Re: [PATCH] Add the --submodule-summary option to the diff option family

Junio C Hamano <gitster@xxxxxxxxx> · Sun, 04 Oct 2009 15:19:25 -0700

Johannes Schindelin <johannes.schindelin@xxxxxx> writes:

> Now you can see the submodule summaries inlined in the diff, instead of
> not-quite-helpful SHA-1 pairs.

This looks useful, but I do not think this is --summary.  It is not part
of the "summary" output but is about making output for Submoodules more
verbose.  I'd suggest naming it --verbose-submodule or something.

> The format imitates what "git submodule summary" shows.

The output format needs to be described better here and also in
Documentation/diff-format.txt.

> To do that, <path>/.git/objects/ is added to the alternate object
> databases (if that directory exists).

Is it always true that <path>/.git is the GIT_DIR for that submodule?  Not
complaining but checking sanity.

> diff --git a/diff.c b/diff.c
> index 9e00131..cdef322 100644
> --- a/diff.c
> +++ b/diff.c
> @@ -1557,6 +1558,17 @@ static void builtin_diff(const char *name_a,
>  	const char *a_prefix, *b_prefix;
>  	const char *textconv_one = NULL, *textconv_two = NULL;
>  
> +	if (DIFF_OPT_TST(o, SUMMARIZE_SUBMODULES) &&
> +			(!one->mode || S_ISGITLINK(one->mode)) &&
> +			(!two->mode || S_ISGITLINK(two->mode))) {
> +		const char *del = diff_get_color_opt(o, DIFF_FILE_OLD);
> +		const char *add = diff_get_color_opt(o, DIFF_FILE_NEW);
> +		show_submodule_summary(o->file, one ? one->path : two->path,
> +				one->sha1, two->sha1,
> +				del, add, reset);
> +		return;
> +	}
> +

Isn't this "textual diff" codepath?

I would have expected --submodule-summary output to be near the --summary
output and to be generated in the same codepath to generate it; if this
were named --verbose-submodule, I would certainly understand it, and I
think the placement is saner in the textual diff.

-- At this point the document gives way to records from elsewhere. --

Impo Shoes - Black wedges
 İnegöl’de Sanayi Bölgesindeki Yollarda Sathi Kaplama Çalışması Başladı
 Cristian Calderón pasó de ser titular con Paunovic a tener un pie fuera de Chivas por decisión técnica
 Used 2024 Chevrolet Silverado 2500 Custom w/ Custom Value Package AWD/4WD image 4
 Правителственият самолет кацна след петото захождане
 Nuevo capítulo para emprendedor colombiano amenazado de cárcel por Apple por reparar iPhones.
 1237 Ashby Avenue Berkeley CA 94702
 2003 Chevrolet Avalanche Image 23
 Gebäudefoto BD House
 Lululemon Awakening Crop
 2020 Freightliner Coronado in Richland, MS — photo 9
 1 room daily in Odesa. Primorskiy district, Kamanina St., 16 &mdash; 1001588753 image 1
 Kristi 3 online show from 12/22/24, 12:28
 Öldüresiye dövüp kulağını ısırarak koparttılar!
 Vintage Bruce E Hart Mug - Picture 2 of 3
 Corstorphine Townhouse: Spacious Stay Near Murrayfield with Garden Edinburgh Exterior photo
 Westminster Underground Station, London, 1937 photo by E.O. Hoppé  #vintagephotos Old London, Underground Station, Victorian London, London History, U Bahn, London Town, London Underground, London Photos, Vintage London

> diff --git a/submodule.c b/submodule.c
> new file mode 100644
> index 0000000..3f2590d
> --- /dev/null
> +++ b/submodule.c
> @@ -0,0 +1,108 @@
> +#include "cache.h"
> +#include "submodule.h"
> +#include "dir.h"
> +#include "diff.h"
> +#include "commit.h"
> +#include "revision.h"
> +
> +int add_submodule_odb(const char *path)
> +{
> +	struct strbuf objects_directory = STRBUF_INIT;
> +	struct alternate_object_database *alt_odb;
> +
> +	strbuf_addf(&objects_directory, "%s/.git/objects/", path);
> +	if (!is_directory(objects_directory.buf))
> +		return -1;
> +
> +	/* avoid adding it twice */
> +	for (alt_odb = alt_odb_list; alt_odb; alt_odb = alt_odb->next)
> +		if (alt_odb->name - alt_odb->base == objects_directory.len &&
> +				!strncmp(alt_odb->base, objects_directory.buf,
> +					objects_directory.len))
> +			return 0;
> +	alt_odb = xmalloc(objects_directory.len + 42 + sizeof(*alt_odb));
> +	alt_odb->next = alt_odb_list;
> +	strcpy(alt_odb->base, objects_directory.buf);
> +	alt_odb->name = alt_odb->base + objects_directory.len;
> +	alt_odb->name[2] = '/';
> +	alt_odb->name[40] = '\0';
> +	alt_odb->name[41] = '\0';
> +	alt_odb_list = alt_odb;
> +	prepare_alt_odb();

The lines after "avoid adding it twice" look somewhat familiar.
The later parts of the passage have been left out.